* Problem description
In the entries below, repeat only the lines between those holding "114 COLONNADE AVE, Lexington, VA 24450" and "TRIUMPH TIGER 21/22", inclusive. Leave pictures out.

* Excerpted data
=== Section Start ===

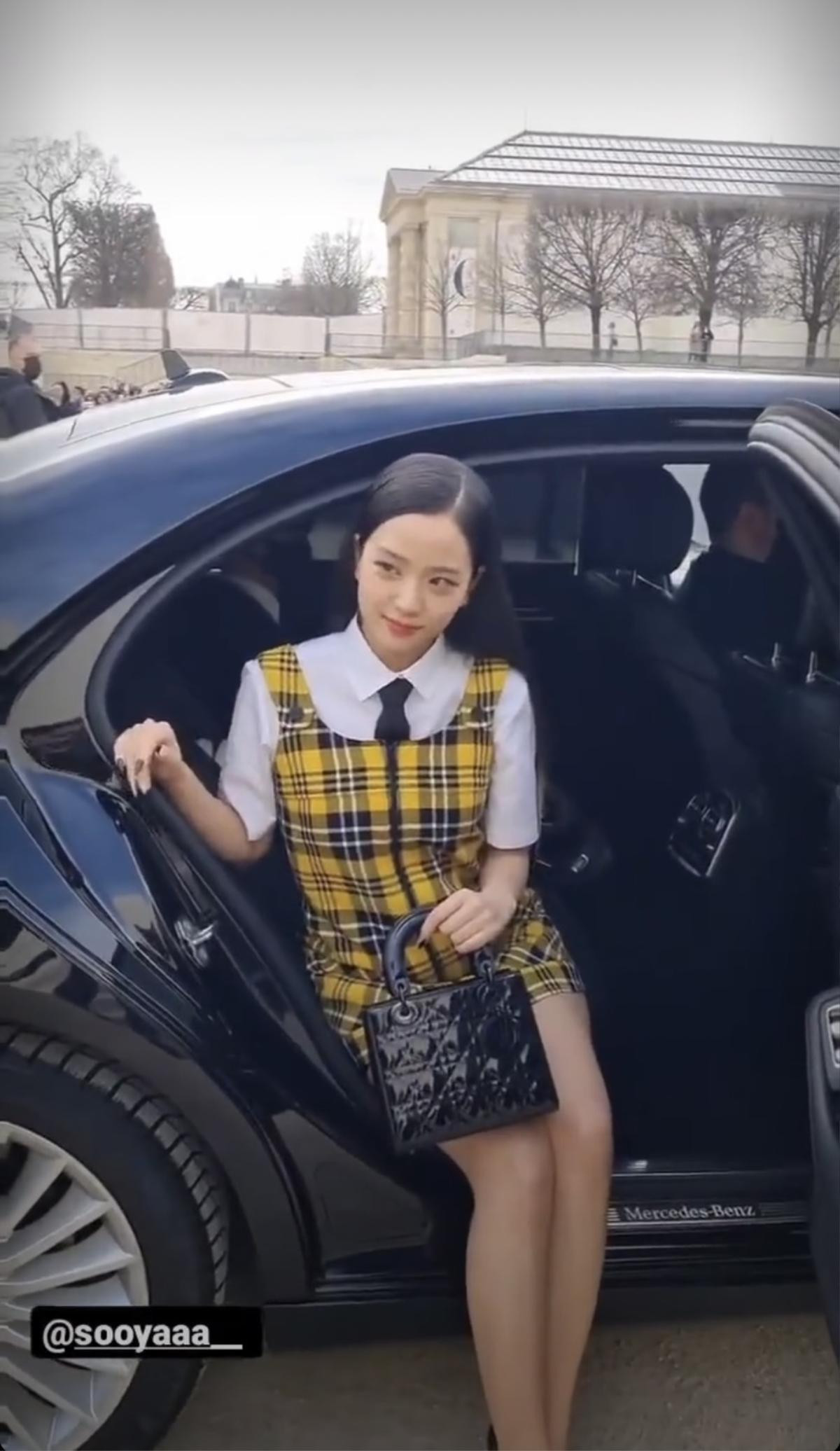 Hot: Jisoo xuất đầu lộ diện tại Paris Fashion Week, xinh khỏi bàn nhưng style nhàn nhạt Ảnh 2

=== Section End ===
=== Section Start ===

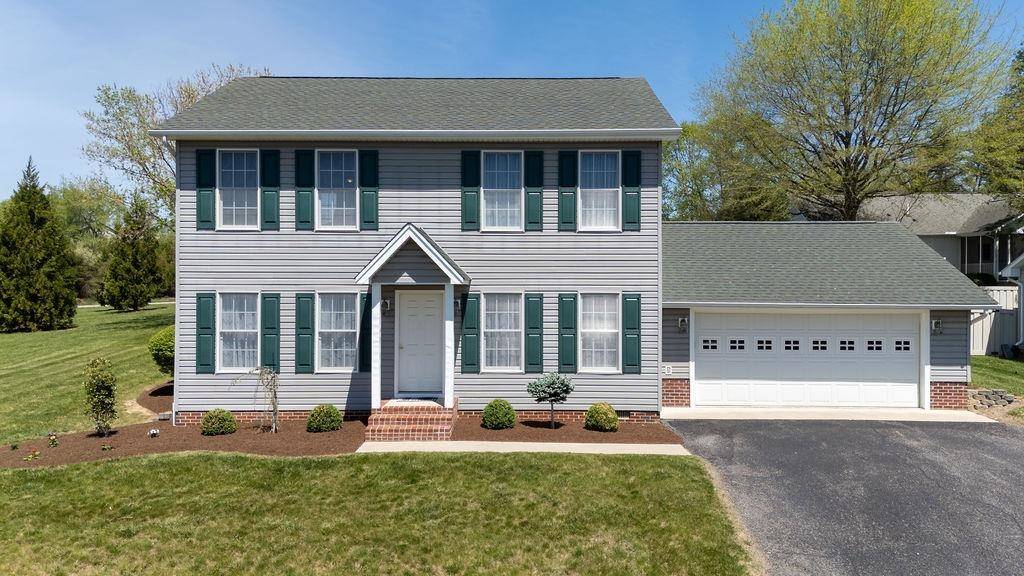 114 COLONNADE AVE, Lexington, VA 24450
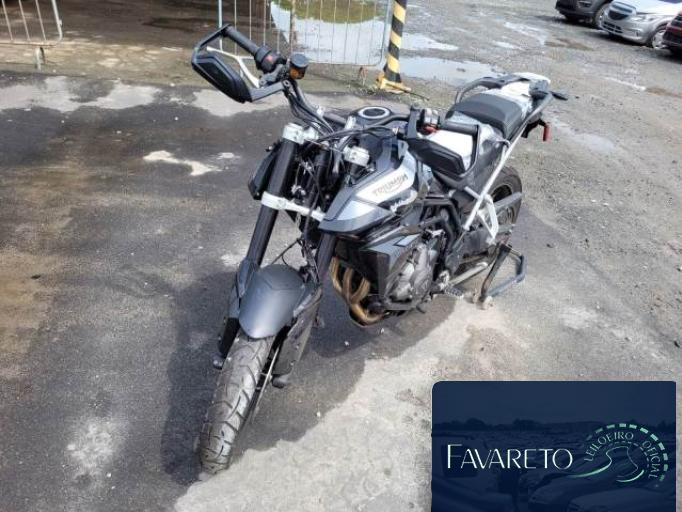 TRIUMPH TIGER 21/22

=== Section End ===

* Result of this exercise
 114 COLONNADE AVE, Lexington, VA 24450
 TRIUMPH TIGER 21/22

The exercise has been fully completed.